**What is needed**
Give all of the data below again exactly, and drop the images.

**Raw data**
----

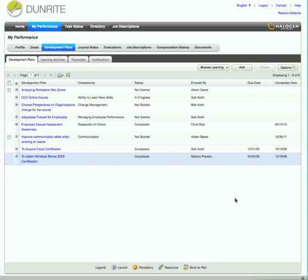With eLearning Manager, Aileen can easily manage all her development plans and learning activities from this one central location. Now that's simple and powerful.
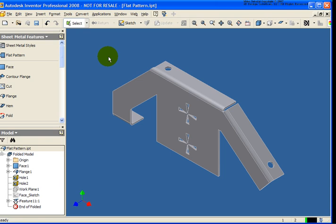In this lesson, we're going to cover how to create and edit a flat pattern from a folded model, and we'll also take a look at how to go back and create a flat pattern from a rolled part. We're going to start off by working with a file called flatpattern.ipt, and it can be found in your chapter 10 exercise folder.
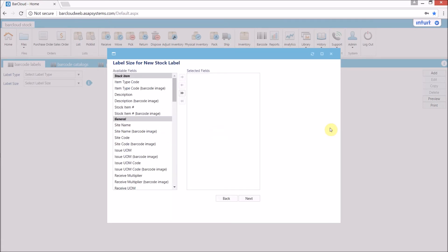The second page, or third if you're using a custom size label, allows the users to select the fields they want to appear on the label. For our label, we'll be adding the stock item number, barcode image, and the stock description.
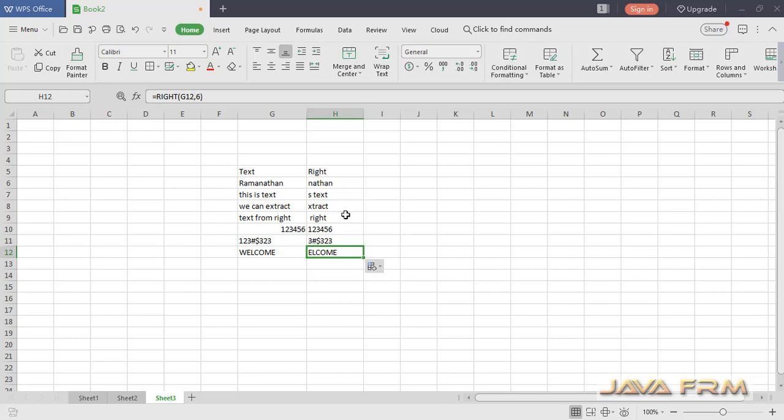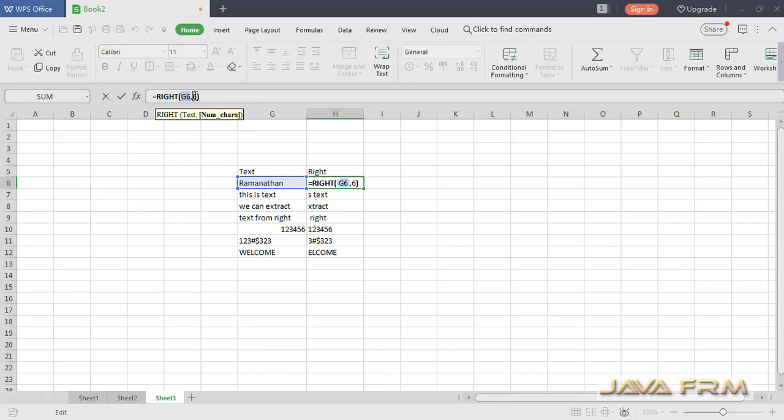Now let me change the range. Let me change the character range from 6 to 8.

----

**Output for this task**
With eLearning Manager, Aileen can easily manage all her development plans and learning activities from this one central location. Now that's simple and powerful.
In this lesson, we're going to cover how to create and edit a flat pattern from a folded model, and we'll also take a look at how to go back and create a flat pattern from a rolled part. We're going to start off by working with a file called flatpattern.ipt, and it can be found in your chapter 10 exercise folder.
The second page, or third if you're using a custom size label, allows the users to select the fields they want to appear on the label. For our label, we'll be adding the stock item number, barcode image, and the stock description.
Now let me change the range. Let me change the character range from 6 to 8.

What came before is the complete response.